Cheap thrills

Six degrees of solid Bacon.

ON THE SURFACE, Stir of Echoes has a lot in common with a certain other supernatural flick you may have seen recently: a boy who sees dead people; the ghost of a girl who needs help from the other side; a male movie star as the protagonist who must figure everything out; his wife, who must remain clueless for most of the film. But Stir of Echoes moves much faster than its Blair Witch-ousting counterpart, and tries—with varying levels of success—to be an all-out thriller, utilizing the same “suddenly there’s something that wasn’t there a second ago” approach as The Sixth Sense, only more of it.


Stir of Echoes

directed by David Koepp

starring Kevin Bacon

now showing at Pacific Place, Metro, others


Tom Witzky (Kevin Bacon), a lifetime Chicago Southsider and blue-collar Social Distortion fan, allows his sister-in-law (Illeana Douglas, who is annoyingly “witchy”) to hypnotize him at a party, which results in strange hallucinations. His son, Jake, is already chatting with dead folk at the movie’s outset and tells his daddy not to fear it, though Tom has no idea what “it” is. The first third of the film deals with Tom’s visions, sometimes just images that flash on the screen and are gone—blood in a glass of water, a fingernail breaking—sometimes extended sequences. Elements of his visions start to come true shortly after he sees them.

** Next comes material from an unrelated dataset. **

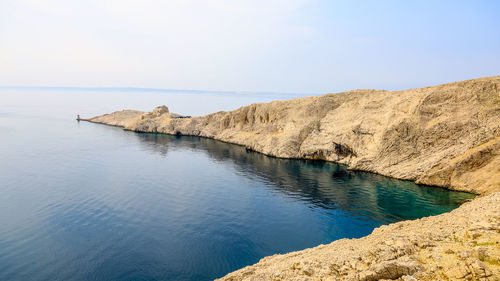 Rock formation in sea against sky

Here, the film is jumpy, unsettling, and thoroughly engaging. It’s unclear how the images relate to each other, much less to Tom, and the tension escalates between Tom and his wife Maggie (Kathryn Erbe) as he becomes more and more obsessed with his visions, especially—you guessed it—the ghost of a teenage girl, who appears one night on the couch.

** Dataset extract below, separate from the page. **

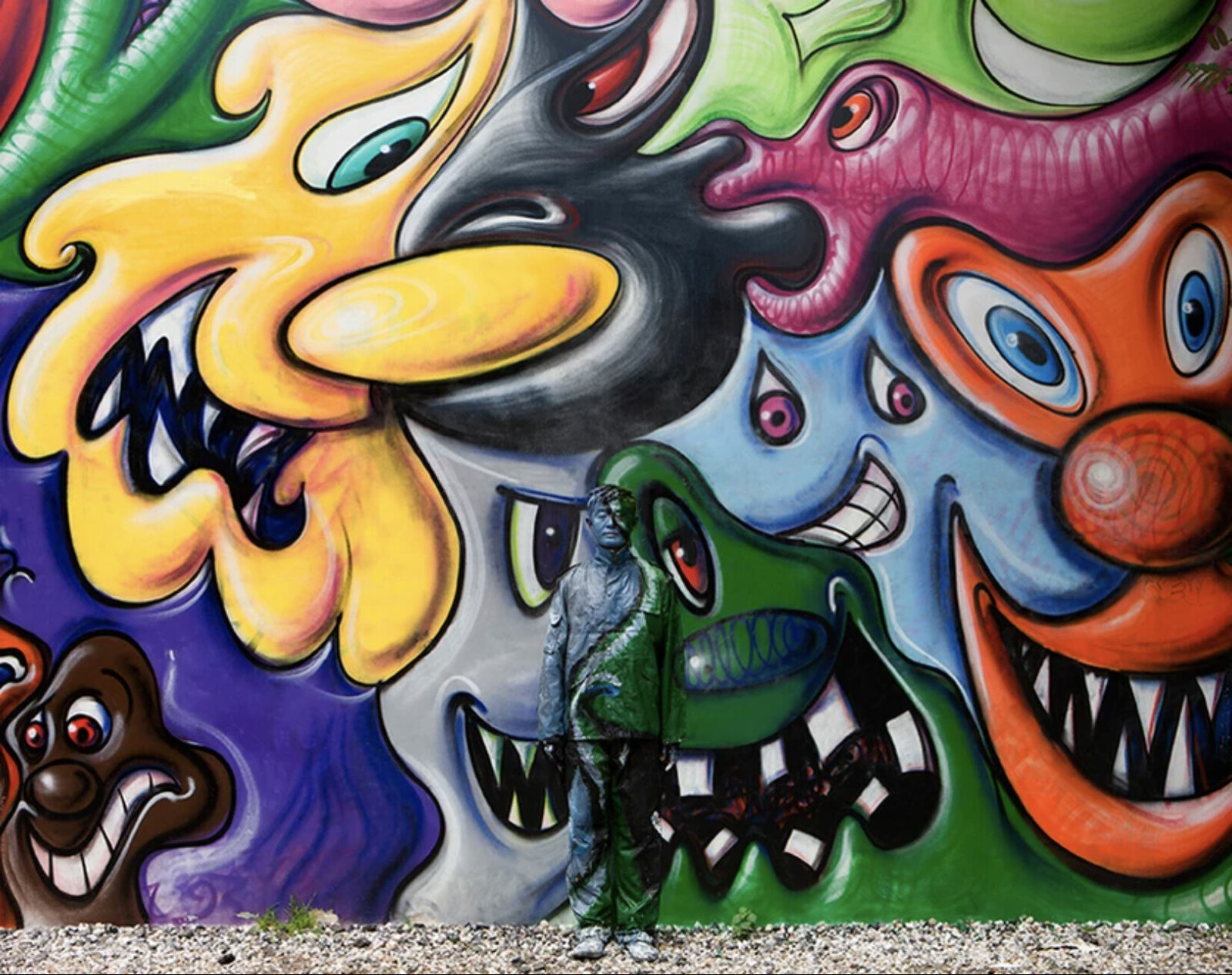 A painting of a man standing in front of a wall covered in graffiti.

Admittedly, there are some cheap scares. I’m not a big fan of films that add screaming to the soundtrack in order to heighten the shock. A film like this has enough going on psychologically to carry the mood without resorting to such tactics; fortunately, Erbe and Bacon do a fine job balancing the film’s manipulative theatrics with solid performances.

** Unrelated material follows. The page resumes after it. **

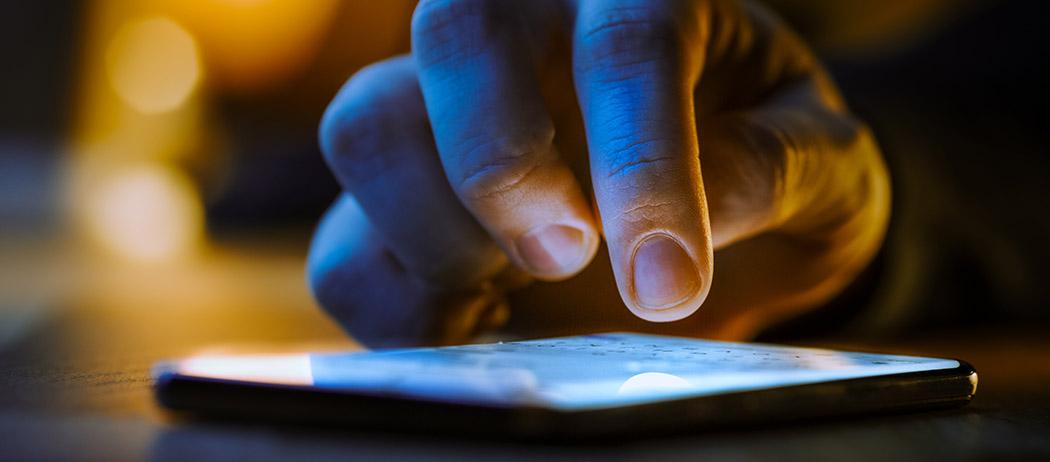 A person taps on a cell phone that is lying on a table (iStock credit_gorodenkoff)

We discover that Tom is now a “receiver” and is tuned in to the frequency of the netherworld. The girl, it turns out, is someone from the neighborhood who disappeared some time back and has been trying to get Jake to help her. It is around the time we are given this information that the film gives up on being suggestive and haunting in the psychological sense and instead goes about solving the crime. The third act is pure Hollywood: The guilty parties are discovered, they try to cover their tracks, people start pulling guns, etc.

Director David Koepp (who also adapted the screenplay from the novel by Richard Matheson) is no stranger to the crowd-pleasing thriller, as is evidenced in his screenplays for Jurassic Park and Mission: Impossible, and he lets a fascinating third of a movie go to waste here. Not that Stir of Echoes doesn’t deliver a booming crescendo of resolution—it does. It’s just that Koepp reels his investments in before they get too risky, and the film’s concession to open-endedness, a cacophony of voices rising as we watch Jake’s pensive face, feels tacked on at best.